Assignment:
Count every line of the data that includes "from". State only the number.

[Web page caption snippets]
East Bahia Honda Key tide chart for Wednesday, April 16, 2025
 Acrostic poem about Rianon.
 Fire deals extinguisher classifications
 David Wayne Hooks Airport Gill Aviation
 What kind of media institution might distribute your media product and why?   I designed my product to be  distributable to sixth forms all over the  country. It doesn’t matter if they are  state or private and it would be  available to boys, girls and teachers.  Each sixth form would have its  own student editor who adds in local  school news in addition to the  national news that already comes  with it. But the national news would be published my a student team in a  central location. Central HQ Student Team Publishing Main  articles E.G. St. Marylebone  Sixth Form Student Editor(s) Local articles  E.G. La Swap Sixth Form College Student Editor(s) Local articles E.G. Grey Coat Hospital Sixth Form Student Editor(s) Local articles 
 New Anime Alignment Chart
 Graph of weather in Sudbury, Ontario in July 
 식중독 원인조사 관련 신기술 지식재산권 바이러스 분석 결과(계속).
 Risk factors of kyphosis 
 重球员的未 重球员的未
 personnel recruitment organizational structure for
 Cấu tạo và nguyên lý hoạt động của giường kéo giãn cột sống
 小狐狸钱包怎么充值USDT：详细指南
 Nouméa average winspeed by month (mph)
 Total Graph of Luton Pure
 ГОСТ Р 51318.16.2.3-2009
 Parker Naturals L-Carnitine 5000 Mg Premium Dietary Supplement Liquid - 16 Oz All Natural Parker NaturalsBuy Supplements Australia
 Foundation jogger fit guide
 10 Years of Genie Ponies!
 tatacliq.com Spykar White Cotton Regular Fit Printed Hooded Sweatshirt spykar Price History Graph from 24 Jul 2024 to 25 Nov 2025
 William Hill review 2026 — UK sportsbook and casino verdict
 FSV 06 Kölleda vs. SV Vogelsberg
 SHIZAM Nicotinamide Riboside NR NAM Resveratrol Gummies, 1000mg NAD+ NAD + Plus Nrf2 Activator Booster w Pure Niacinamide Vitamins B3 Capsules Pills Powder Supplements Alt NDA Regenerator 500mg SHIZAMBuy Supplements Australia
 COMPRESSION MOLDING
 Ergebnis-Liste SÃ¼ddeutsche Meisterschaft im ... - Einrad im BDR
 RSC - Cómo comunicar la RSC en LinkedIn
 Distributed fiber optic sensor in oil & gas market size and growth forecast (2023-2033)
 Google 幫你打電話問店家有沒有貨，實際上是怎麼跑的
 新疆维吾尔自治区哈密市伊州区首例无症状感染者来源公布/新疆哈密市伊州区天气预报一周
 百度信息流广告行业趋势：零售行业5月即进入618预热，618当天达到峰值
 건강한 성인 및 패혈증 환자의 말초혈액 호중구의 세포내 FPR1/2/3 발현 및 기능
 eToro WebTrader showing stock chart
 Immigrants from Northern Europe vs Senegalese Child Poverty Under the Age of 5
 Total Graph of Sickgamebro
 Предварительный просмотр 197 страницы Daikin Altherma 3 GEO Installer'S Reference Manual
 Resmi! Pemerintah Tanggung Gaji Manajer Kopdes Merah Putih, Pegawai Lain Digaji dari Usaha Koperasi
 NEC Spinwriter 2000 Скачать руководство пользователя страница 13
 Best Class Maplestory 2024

Result for this exercise:
2